In prepping this review, I read every word of some of the most boring, variable-annuity product plan documents you can imagine — three company contracts from 2008, 2014 and 2018, plus The National Association of Insurance Commissioner’s Buyer’s Guide To Deferred Annuities.

So, about the complexity of fixed-index annuities and their variable-annuity cousins — both give the buyer exposure to “the market,” but in an indirect way.

With a fixed-index annuity, you give your money to an insurance company, and it promises to credit your account with some of the gains of a stock market index, such as the S&P 500 of large-cap companies or the Russell 2000 index of small-cap companies. But exactly how it does that is usually calculated in a complex way.

The insurance companies’ value proposition is that they say you can participate on the upside when the stock market appreciates, but they will provide some protection from loss when the stock market either drops below the amount you put in or below the previous year’s high-water mark. It’s the “some market upside and some safety” combo platter. Sometimes that’s protection against a 10% drop in the market, sometimes it’s against any loss of principle.

But how do they provide this “safety”? A bunch of ways.

Sometimes the contract limits your upside by a “participation amount” such as 80 percent of the index gains. So if the market index returns 10 percent, you get credit for just an 8 percent annual gain.

Another feature might be a “performance cap” that limits the amount an insurance company will need to credit you with in a bull market. The market went up 12 percent? Sorry, your gains are only 9 percent.

You might pay a “spread rate” — that’s a percentage of market gains by which your insurance company subtracts your returns. Spread rate doesn’t sound like a fee, but that’s what it is.

A particularly devious way to limit your returns is to only credit the price change of an index, but not the dividends you would have received if you owned the index in a brokerage account. As I’ll explain in a future column, that might mean you’ve left half your gains on the table.

How does the company handle all this complexity?

As Jefferson Bank’s contract clearly states: “Subsequent Accumulation Unit Values for each Sub-Account are determined by multiplying the Accumulation Unit Value for the immediately preceding Valuation Period by the Net Investment Factor for the Sub-Account for the current period.”

It goes on like this for a couple of pages. I’ve read all the words, and my head hurts.

Let’s go to the AXA Equitable document, to figure out our “Guaranteed Annual Withdrawal Amount.” Well, you see it’s, the, um …

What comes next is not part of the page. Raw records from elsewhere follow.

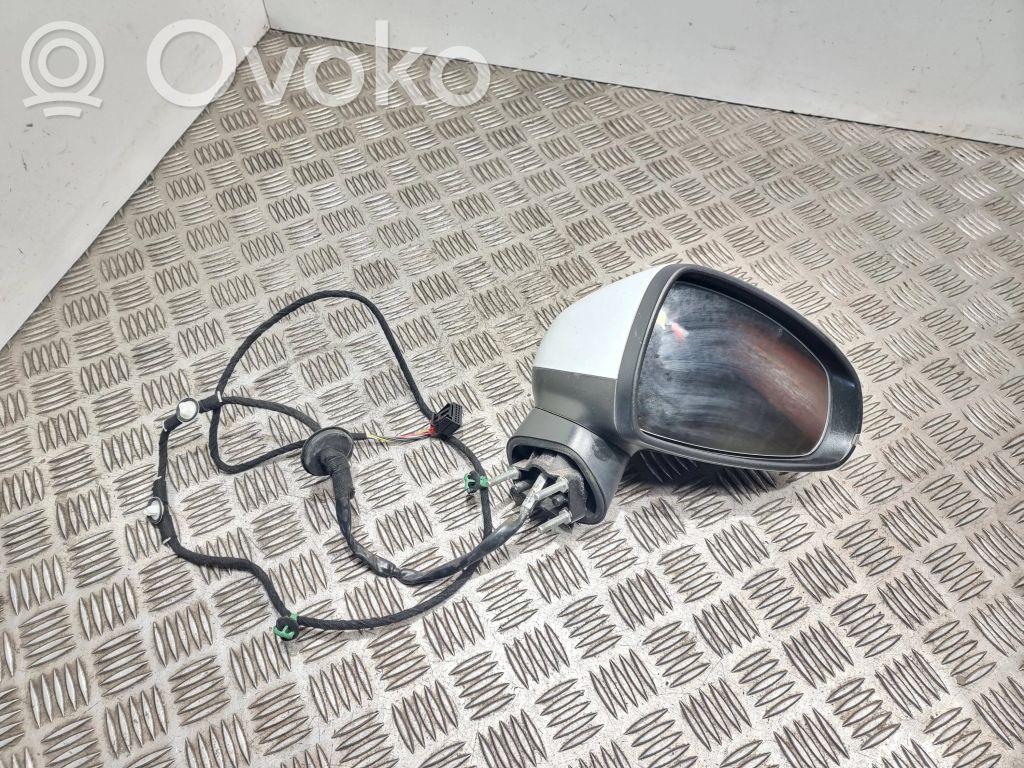 Audi A1 Front door electric wing mirror 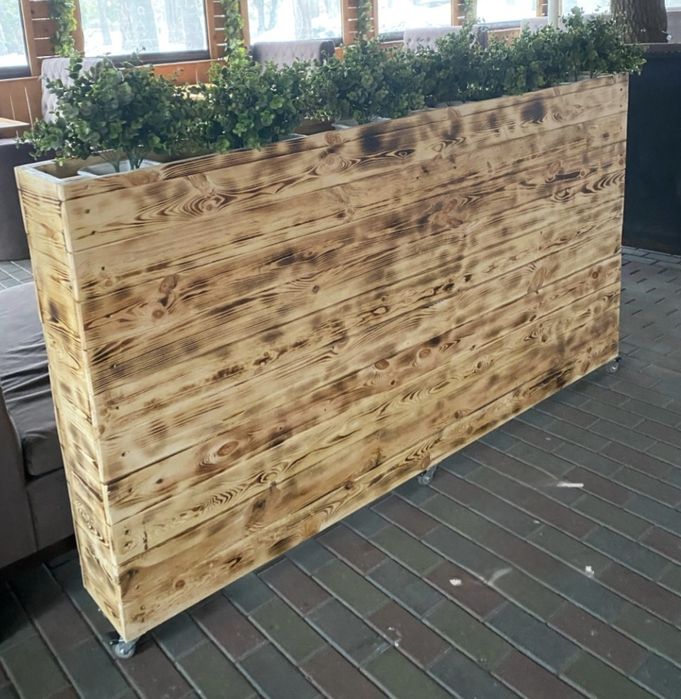 Деревʼяні кашпо / клумби.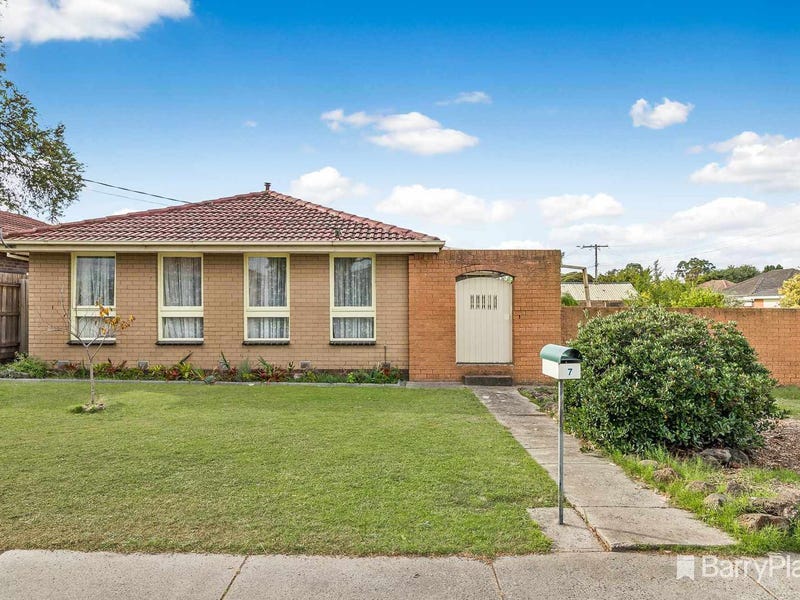 7 Thurbro Drive, Keysborough, Vic 3173 - Property Details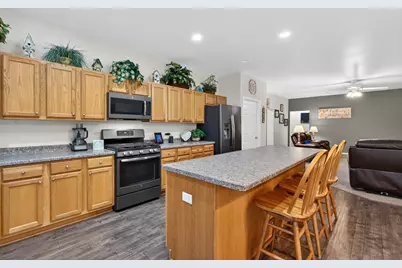 1001 Madison Avenue, McHenry, IL 60050 - Photo 13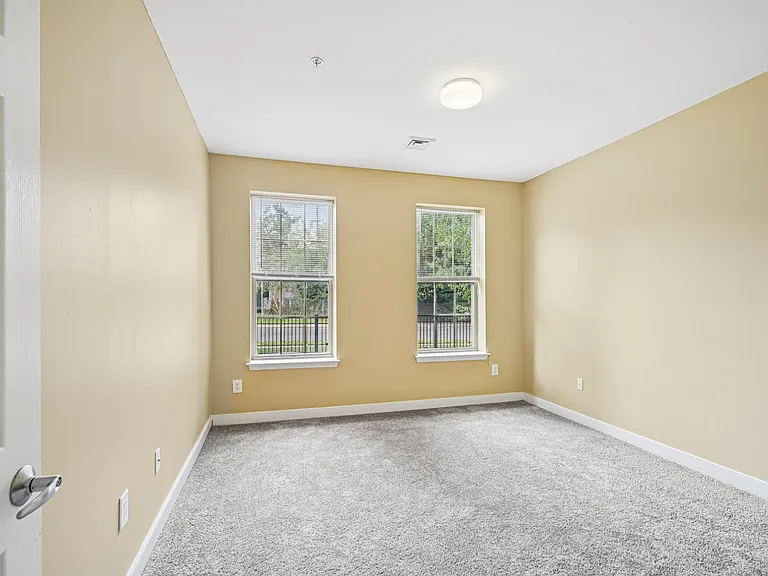 Birchwood at Parker Hall 55+ Community — Photo 24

1. “The sum of contributions that are periodically remitted to the PIB variable investment options, multiplied by the quarterly Guaranteed Withdrawal Rate (GWR) in effect when each contribution is received, plus

2. “The sum of (i) transfers from non-PIB investment options to the PIB variable investment options and (ii) contributions made in a lump sum, including but not limited to, amounts that apply to contract exchanges, direct transfers from other funding vehicles under the plan, and rollovers that are allocated to the variable investment options, multiplied by the Guaranteed Transfer Withdrawal Rate (GTWR) in effect at the time of the transfer or contribution, plus

3. “The sum of any Ratchet Increase.”

Got it?

OK, here’s what you do need to know. You can’t independently observe their math. You own rights to a complex derivative — that’s not what they call it, but that’s what it is — and only they can tell you what that derivative is worth.

With a regular brokerage account, by contrast, you would see an observable market price for a mutual fund or a stock or a bond.

Remember, anything you don’t understand can and will be used against you.

Do you want your money back yet? You can’t have it.

Generally, once you’ve annuitized, you can’t accelerate or change your fixed-rate annuity. Prior to annuitization, you can have some, but you will probably pay surrender or withdrawal charges on any fixed-index or variable annuity that you want to get out of. You may be able to get 10 percent of your money back each year without penalty, but for additional funds you should expect to pay a 5 percent fee under many contracts, with a slowly declining penalty amount per year.